Our model, AARCNN, gets the best score. Our model takes advantages of both attention mechanism and aspect information to analyze the sentiment of the comment sentence. The model has promotion on the accuracy and F1 value, but it costs about twice the time compared to single LSTM network.
3.6. The Use of Bi-LSTM
Bi-LSTM network is used instead of standard LSTM network in our model to optimize the sentence with reversed expression. We do an experiment to find out the improvement Bi-LSTM has made to the model. Our model is marked as Bi-LSTM-* and the model with LSTM network as LSTM-*. The LSTM-* model was trained and tested with the same set with the one used in the baseline experiment. The result is shown in
Table 3.
In
Table 3, we can find that Bi-LSTM-* has an average 0.3% better performance than LSTM-* with both accuracy and F1 score on restaurants and camera datasets. We go deep into the data, and find that Bi-LSTM-* has almost the same accuracy as LSTM-* on most review sentences. However, the model with Bi-LSTM has about 3% higher performance than LSTM-* on long sentences where the target is in front of its description and the distance between them is more than two words. For example, in the review sentence in restaurants “We took advantage of the half price sushi deal on Saturday so it was well worth it”, the target “half price sushi deal” and its description “well worth” are four words away, which causes the LSTM-* to fail to recognize the aspect “QUALITY” and mark the sentence as “RESTAURANT#GENERAL”. As shown in
Table 4, the sentences of this kind occupy about 10–15% in the test set, which leads to only 0.3% in the overall experiment result.

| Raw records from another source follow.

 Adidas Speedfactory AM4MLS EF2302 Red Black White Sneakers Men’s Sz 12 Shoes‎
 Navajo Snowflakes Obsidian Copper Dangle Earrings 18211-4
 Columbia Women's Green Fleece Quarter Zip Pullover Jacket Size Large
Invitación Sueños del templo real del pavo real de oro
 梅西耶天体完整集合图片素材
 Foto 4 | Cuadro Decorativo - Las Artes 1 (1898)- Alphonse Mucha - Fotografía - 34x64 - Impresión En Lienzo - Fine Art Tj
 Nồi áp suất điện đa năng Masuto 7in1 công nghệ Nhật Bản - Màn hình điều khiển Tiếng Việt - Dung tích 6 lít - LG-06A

The result proves the effect of Bi-LSTM cell in the model. However, Bi-LSTM-* model costs much more time than LSTM-* model, which is the main reason for the slow pace of model training.
Additionally, the test score of LSTM-* exceeds the best baseline method RCNN-LSTM, which demonstrates that the architecture of our model fully exploits each module in the ABSA tasks.
3.7. Case Study
We analyzed a comment sentence “The food was well prepared and the service impeccable” as a case study. The true annotation of the sentence is positive in FOOD#TASTE and positive in SERVICE#GENERAL. Besides the two true aspects, two wrong aspects are also chosen in the test, which are RESTAURANT#GENERAL and FOOD#PRICE. RESTAURANT#GENERAL is weakly relevant to the sentence and FOOD#PRICE is totally irrelevant to the sentence.
Figure 4 shows the final representation of the sentence under the four circumstances. The red color in the figure is the signal of positive sentiment and the blue represents negative sentiment.
In
Figure 4, we can find that, to the first half of the sentence, the model gives high positive ranks to the FOOD#TASTE. Although the sentence is also relevant to the aspect FOOD#PRICES, its connection is not as strong. The second half is SERVICE#GENERAL, and the same reason as above has prevented the RESTAURANT#GENERAL from getting a high score. The irrelevant aspect FOOD#PRICES has the lowest score in each part of the sentence, which means the model does not choose it as a valid aspect. Because the model uses max-pooling as the filter to select aspects, both FOOD#TASTE and SERVICE#GENERAL that have top scores can pass through the filter, but the RESTAURANT#GENERAL with low scores in each half fails to pass it. The final representations of 1 and 3 is sent to the softmax classifier and the output of our model is positive in FOOD#TASTE and positive in SERVICE#GENERAL.